8 months old
After a couple months of spoon-feeding your little one (and coming up with all sorts of creative tactics to get your baby to open up), understand that it won’t always be this way. Before you know it, you’ll be overseeing a completely independent child, fully capable of using utensils. The first step to autonomy (and better coordination) is introducing finger foods.
Finger foods are bite-size pieces of food that babies are able to eat completely on their own – without the accompaniment of airplane noises. Some things to keep in mind:
- Most babies have the fine motor skills for self-feeding somewhere between 7 and 9 months.
- Wondering if your baby is ready? You might notice that your baby grabs the spoon from your hands or attempts to grab food from your plate.
- Even so, your baby probably won’t have the ability to pick up food in between his or her thumb and forefinger (known as the pincer grasp) for another month or two.
- Until your baby discovers the helpfulness of fingers, you might notice your little one raking food with his or her hands and grasping with a full fist.

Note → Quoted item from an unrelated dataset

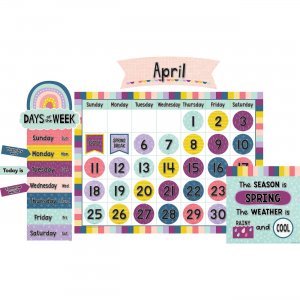 Teacher Created Resources Oh Happy Day Bulletin Board Set 9021 TCR9021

- There are plenty of finger food options to start with, the best of which dissolve without chewing or are soft enough to be gummed, and have been previously introduced in a pureed form. For instance:
- Chunks of ripe banana, peach, plum, melon or mango
- Steamed (and cooled) chunks of pear or extra soft apple
- Steamed and very tender carrots, sweet potato or peas
- Small chunks of cheese
- Small pieces of whole-grain crackers, bread or bagels
- Rice cakes
- O-Shaped cereal, rice puffs or anything else that dissolves in your baby’s mouth
- Overcooked pasta like rotini, gernelli, rigatoni and penne – cut up if necessary
- Hard-boiled egg yolks (and then full hard-boiled eggs when the whites are introduced)
- Pea-sized pieces of soft meat, like chicken
- Avoid anything that can easily get stuck in your baby’s throat, like:
- Nuts (which shouldn’t be introduced yet anyway)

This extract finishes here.